Path: utzoo!attcan!utgpu!jarvis.csri.toronto.edu!mailrus!uwm.edu!uakari.primate.wisc.edu!aplcen!haven!umbc3!chimiak
From: chimiak@umbc3.UMBC.EDU (Mr. William J. Chimiak )
Newsgroups: comp.dcom.lans
Subject: Re: high speed networking between buildings
Message-ID: <2333@umbc3.UMBC.EDU>
Date: 27 Sep 89 12:15:25 GMT
References: <4574@ursa-major.SPDCC.COM> <337@ai.etl.army.mil> <2314@umbc3.UMBC.EDU> <5971@b11.ingr.com>
Reply-To: chimiak@umbc3.umbc.edu.UMBC.EDU (Mr. William J. Chimiak (MMA))
Organization: Univ of Maryland Baltimore County
Lines: 20


> Broadband with FDDI? I don't follow.
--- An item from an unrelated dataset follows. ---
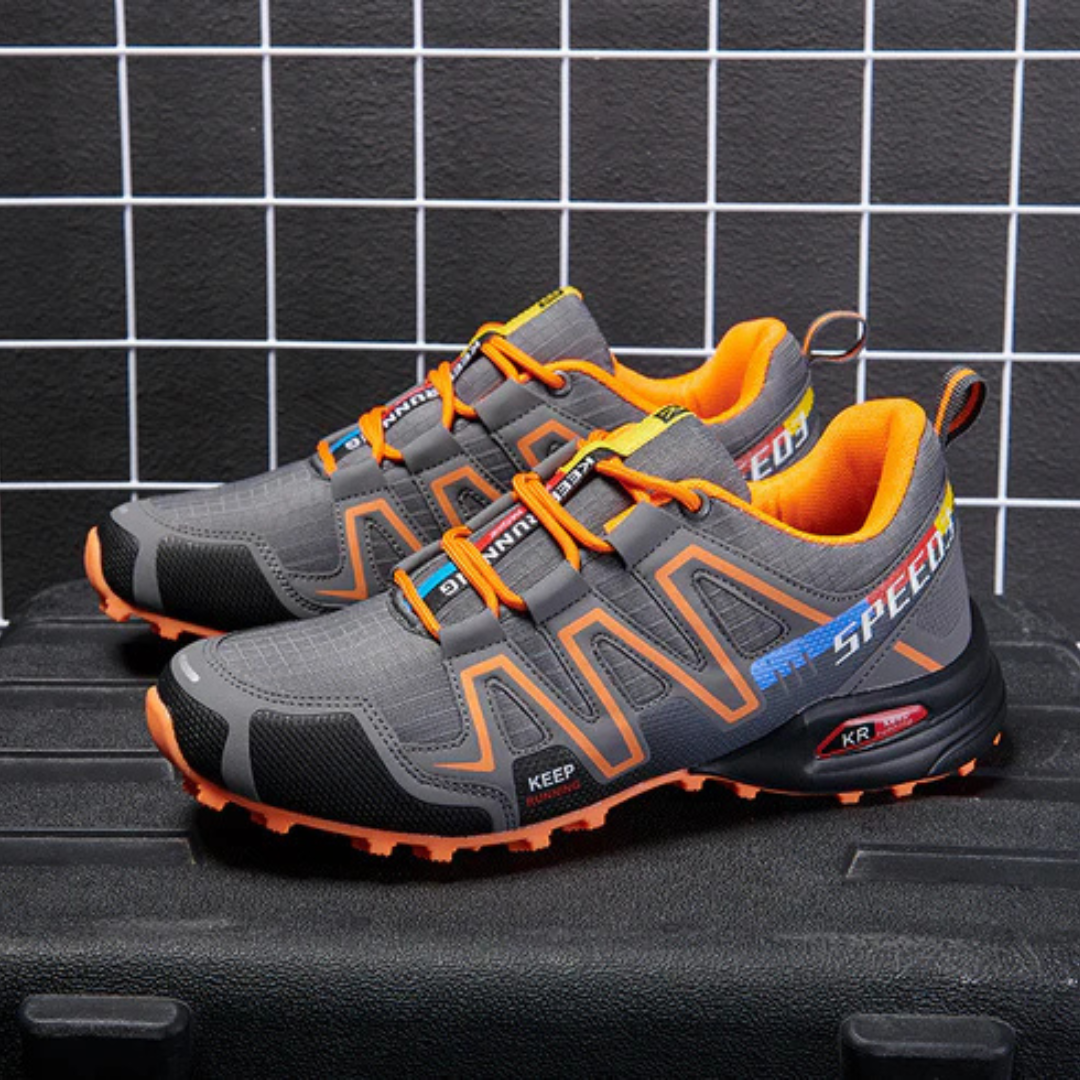 Speed 3 Wanderschuhe – Premium Wasserdichte & Atmungsaktive Herren-Trekkingschuhe für den Herbst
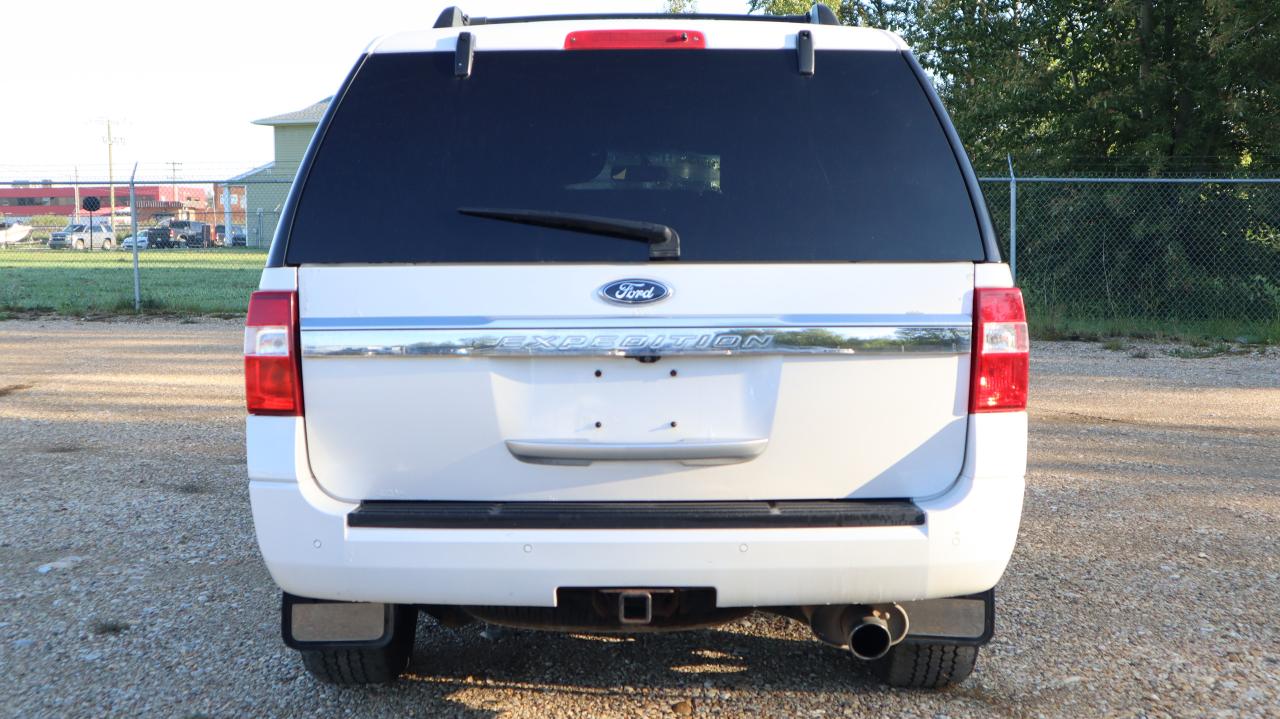 2015 Ford Expedition Max Platinum Photo5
Someone enlighten me (nicely).
>
> tony goodloe

I am sorry for perhaps being misleading, but it is my impression that the
nature of the question is the nagging problem that workstations now have
the I/O and processing speeds which blow past the capabilities of ETHERNET.
Folks with image processing applications and huge file transfers are irritated
with the LAN/CAN/WAN bottleneck.  One of the major problems is the media access
which roughly resides in the Data Link layer (layer 2) of the OSI model.  FDDI
is capable of delivering 100 Mbps at the MAC layer.  Besides being that fast,
FDDI has the potential of delivering real time performance - but this must
be said with a caveat.  Real time performance correctly implies an Application
Layer capability.  This is the final layer of the OSI model.  To deliver true
real time performance obviously implies that the layers three though six
deliver the same real time performance.  NIST is studyinging realtime 
performance of Layer 4 while folks like Gregg Chesson are developing the
eXpress Transport Protocol (XTP) to at least give workstations the
capability of operating on Gbps LANs.